▸ **Data**
[Start of section]
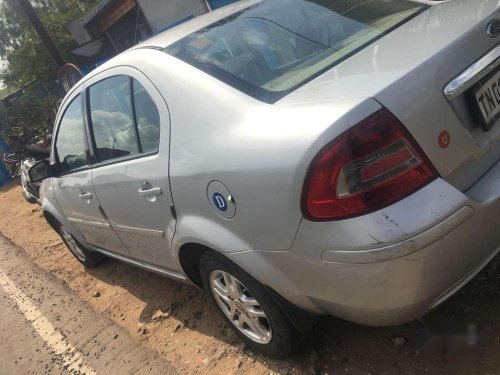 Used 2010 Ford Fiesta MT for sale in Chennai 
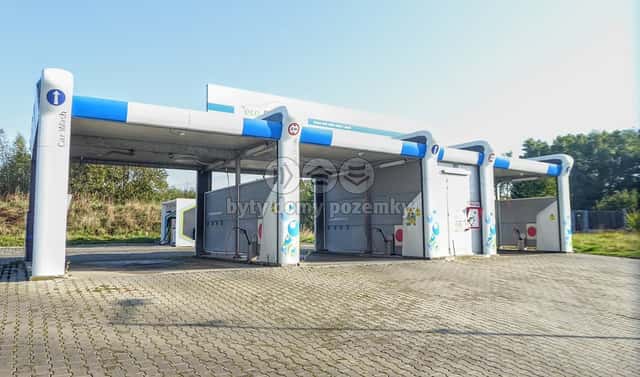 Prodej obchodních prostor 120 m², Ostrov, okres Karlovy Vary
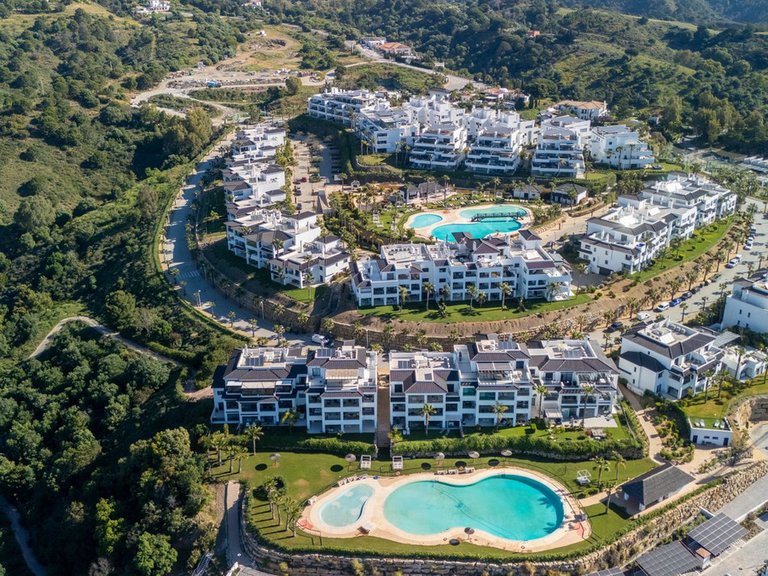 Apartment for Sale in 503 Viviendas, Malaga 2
[End of section]
▸ **Your objective**
Pictures aside, reproduce all of the material above without alteration.

▸ **Task solution**
 Used 2010 Ford Fiesta MT for sale in Chennai 
 Prodej obchodních prostor 120 m², Ostrov, okres Karlovy Vary
 Apartment for Sale in 503 Viviendas, Malaga 2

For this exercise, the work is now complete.